It is to be noted that the calibration information used by the
geometric computation unit 102 indicates the relation of a camera
coordinate system to a body coordinate system, calculated by
determining the camera coordinate system relative to a real-world
coordinate system based upon the relation of the body coordinate
system to the real-world coordinate system that is already
known.
[0092] A processing area output unit 103 calculates an image area
to be used for purposes of image recognition based upon the exact
shielding plate boundary and the body area boundary having been
determined by the geometric computation unit 102 and outputs the
image area thus calculated. In the adhering matter detection logic
adopted in this embodiment, transparent and semitransparent
adhering matter is detected by designating the shielded area as the
processing target so as to prevent erroneous detection attributable
to ambient light and background objects. It is to be noted that
when a given pixel is present astride the shielding plate area and
the background area (containing the road surface, the sky, another
vehicle and the like), the adverse effect of ambient light and
background objects on the detection processing can be minimized by
taking the particular pixel out of the processing target area.
Accordingly, a raster scan is executed when calculating the image
area to be used for image recognition and the processing area is
created by taking any pixel present on the shielding plate boundary
in the captured image out of the processing target area and
including each pixel present strictly in the shielding plate area
inside the shielding plate boundary in the processing target area.

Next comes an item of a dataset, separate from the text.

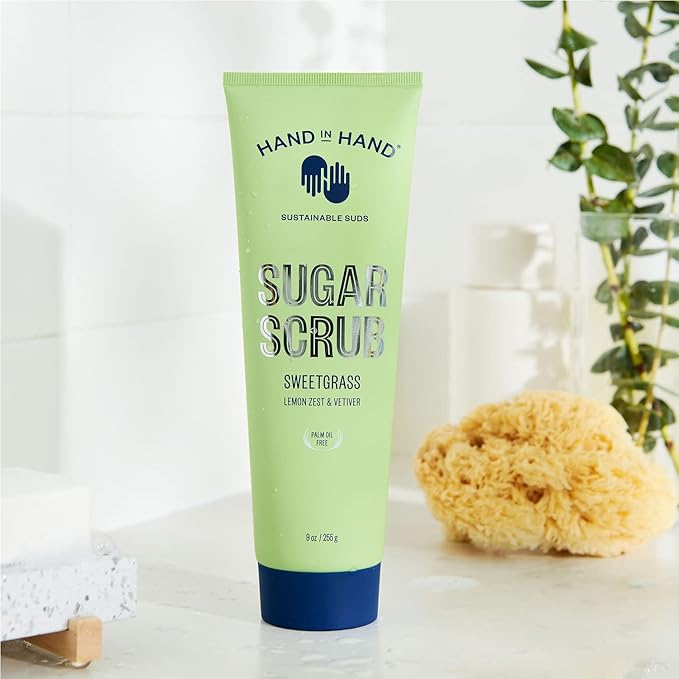 Hand in Hand Sugar Scrub, Gentle Exfoliation For All Skin Types, 9 Ounce, Lemon Zest & Vetiver, Sweetgrass Scent, Single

The processing area output unit 103 may output the image area thus
calculated in the form of, for instance, a mask image.
[0093] In addition, a normalizing parameter output unit 104 outputs
areal size of the processing area, output by the processing area
output unit 103, to the adhering matter detection logic. The areal
size of the processing area output by the processing area output
unit 103 changes from one body to another, and accordingly, any
variance in the sensitivity with which adhering matter is detected
can be minimized by informing the adhering matter detection logic
of the areal size of the processing area.
[0094] Next, in reference to FIG. 14, the flow of the processing
executed to calculate the shielding plate area boundary will be
described. First, in step S500, a decision is made as to whether or
not shielding plate area calculation was completed when the vehicle
was most recently in a traveling state. This decision may be made
by determining whether or not shielding plate area information,
which may be recorded in a flash-ROM (not shown), can be read out.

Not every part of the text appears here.